In the case of Sidheswar vs Bhubaneshwar Prasad, the Supreme Court of India delivered the judgment as “The Doctrine of Pious Obligation has origin in the conception of Smriti writers who considered non-payment of debts as sin, this is considered as evil practice and is the purpose of rescuing the father from such evil practice and his torments in the next world that an obligation is imposed on son to pay their father’s debts.”

Historical Background of Pious Obligation

In ancient India, legal writing is itself a novel approach as to the specialist of morals which was perceived by the Legal Aid British India. The pious obligation of a son is a moral obligation that was given over legal rights. 

The views of P.V. Kane’s is similar to the philosophy of ancient Indian law codes, which are famously known as Dharmashastra.

The significance of ancient  Indian legal writing given to furnishing the liability to repay the debts from ancient times. As per the ancient legal thought, one has no liability to pay the debts whereas the other is under obligation to furnish his duty by paying the debts of his father.

Exceptions to This Doctrine

If the person has obtained such debts illegally or immorally, then the son has no liability to repay the debts and here the pious obligation is applicable.

A son doesn’t need to prove the criminal liability of his father in respect of debts. Here, the son may be exempted from the pious obligation and there is no liability on the son to pay the debts of his father which are occurred by illegal means.

Here we will discuss some debts which are outside of the scope of this doctrine

1. Avyavaharik Debts

The avyavaharik debts can be found in Mitakshara.

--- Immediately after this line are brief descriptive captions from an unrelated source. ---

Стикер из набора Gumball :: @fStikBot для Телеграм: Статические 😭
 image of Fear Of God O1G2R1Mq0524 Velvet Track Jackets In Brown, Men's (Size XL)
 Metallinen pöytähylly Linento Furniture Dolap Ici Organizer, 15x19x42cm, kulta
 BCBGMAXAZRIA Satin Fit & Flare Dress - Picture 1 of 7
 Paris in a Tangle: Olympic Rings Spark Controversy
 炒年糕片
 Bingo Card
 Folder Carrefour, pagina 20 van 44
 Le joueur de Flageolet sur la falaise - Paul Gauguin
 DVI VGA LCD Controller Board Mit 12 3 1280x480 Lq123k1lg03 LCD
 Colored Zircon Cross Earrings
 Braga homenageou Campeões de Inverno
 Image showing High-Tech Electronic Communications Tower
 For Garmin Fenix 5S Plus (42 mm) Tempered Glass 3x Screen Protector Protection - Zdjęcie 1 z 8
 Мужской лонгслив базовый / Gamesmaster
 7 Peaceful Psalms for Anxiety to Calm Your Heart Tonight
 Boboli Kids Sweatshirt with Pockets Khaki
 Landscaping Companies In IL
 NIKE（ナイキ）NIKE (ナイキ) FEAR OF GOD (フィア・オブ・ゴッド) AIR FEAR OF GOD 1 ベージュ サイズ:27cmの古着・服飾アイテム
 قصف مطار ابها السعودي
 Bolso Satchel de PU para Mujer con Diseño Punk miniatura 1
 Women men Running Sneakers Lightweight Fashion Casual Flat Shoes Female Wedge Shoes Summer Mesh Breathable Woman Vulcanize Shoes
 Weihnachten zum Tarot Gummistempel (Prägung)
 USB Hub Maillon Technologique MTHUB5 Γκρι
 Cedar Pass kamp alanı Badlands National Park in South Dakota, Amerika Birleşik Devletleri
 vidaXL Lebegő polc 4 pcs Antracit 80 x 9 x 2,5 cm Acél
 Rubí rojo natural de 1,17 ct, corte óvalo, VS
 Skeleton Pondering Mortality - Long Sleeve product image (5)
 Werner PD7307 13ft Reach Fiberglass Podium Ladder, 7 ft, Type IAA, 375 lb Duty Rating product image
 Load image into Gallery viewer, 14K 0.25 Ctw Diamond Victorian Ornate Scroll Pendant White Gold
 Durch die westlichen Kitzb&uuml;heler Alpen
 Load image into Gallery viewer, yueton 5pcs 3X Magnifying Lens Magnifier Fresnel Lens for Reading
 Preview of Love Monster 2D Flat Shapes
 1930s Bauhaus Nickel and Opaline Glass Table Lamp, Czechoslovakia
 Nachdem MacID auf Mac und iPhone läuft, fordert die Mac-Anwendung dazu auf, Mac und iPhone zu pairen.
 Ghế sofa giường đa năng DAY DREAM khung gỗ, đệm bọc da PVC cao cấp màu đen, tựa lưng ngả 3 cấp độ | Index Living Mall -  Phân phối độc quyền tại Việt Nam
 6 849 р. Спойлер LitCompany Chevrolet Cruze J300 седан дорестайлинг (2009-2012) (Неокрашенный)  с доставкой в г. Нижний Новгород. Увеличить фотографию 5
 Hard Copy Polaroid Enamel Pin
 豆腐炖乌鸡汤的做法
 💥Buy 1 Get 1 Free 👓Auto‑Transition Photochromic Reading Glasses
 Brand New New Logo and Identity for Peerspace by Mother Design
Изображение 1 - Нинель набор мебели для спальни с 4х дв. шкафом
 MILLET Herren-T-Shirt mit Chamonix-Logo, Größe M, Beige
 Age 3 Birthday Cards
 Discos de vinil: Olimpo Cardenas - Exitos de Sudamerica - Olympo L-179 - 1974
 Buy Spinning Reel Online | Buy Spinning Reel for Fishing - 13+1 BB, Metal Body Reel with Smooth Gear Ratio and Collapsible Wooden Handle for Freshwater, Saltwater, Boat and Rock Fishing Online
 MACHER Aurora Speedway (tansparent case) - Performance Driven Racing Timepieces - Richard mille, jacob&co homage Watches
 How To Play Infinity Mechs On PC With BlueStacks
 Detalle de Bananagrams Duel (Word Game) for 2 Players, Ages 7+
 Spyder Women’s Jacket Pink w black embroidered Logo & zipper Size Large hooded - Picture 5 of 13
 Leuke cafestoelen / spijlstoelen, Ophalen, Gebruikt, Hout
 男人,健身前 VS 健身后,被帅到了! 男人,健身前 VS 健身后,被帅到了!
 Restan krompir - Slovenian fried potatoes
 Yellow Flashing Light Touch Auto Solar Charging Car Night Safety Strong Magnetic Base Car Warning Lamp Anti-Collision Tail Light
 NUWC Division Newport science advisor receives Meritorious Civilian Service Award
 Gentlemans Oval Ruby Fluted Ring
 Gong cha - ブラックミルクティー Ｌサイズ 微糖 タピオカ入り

It is indicated that the avyavaharik debts are outside of this doctrine. So, what is meant by avyavaharik debts? Colebrooke has defined avyavaharik debts as a liability incurred for a cause repugnant to good morals. If it is wholly or partly improper then they cannot be called vyavaharik debts. 

Avyavaharik debts are debts that occurred by way of illegal means. And, the son is not liable for such illegal debts that occurred by his father.

2. Commercial Debts

In old laws, the commercial debts were kept outside the regulation and the doctrine was not applicable. But, at present law, commercial debts are subject to this doctrine i.e. the son is subject to repay the debts of his father.

3. Gambling Debts

The debts which are taken from gambling or gaming are outside of the regulation and this doctrine.

For example, debts caused by drinking.

4. Suretyship Debts

When the debts are caused under the suretyship or partnership then the liability arising out of suretyship by the father is not official on the son. 

The Effect of Doctrine of Pious Obligation After Amendment of 2005

After the enforcement of the Hindu Succession Amendment Act of 2005, no court shall recognize any right to proceed against son, son’s son (grandson) or son’s son’s son (great-grandson) for any recovery of money due from his father, grandfather, or great grandfather, on the ground of pious obligation.

Hence, pious obligation after 2005 under Hindu law, the son, grandson or great-grandson is discharged from the liability arising out of the pious obligation and they can discharge such debt.

Conclusion

Here, it is concluded that under the doctrine of pious obligation under which sons are liable to furnish the father’s debts is completely religious consideration. The doctrine considered that the father’s debt is vyavaharik and the debt of the father should be paid by his son.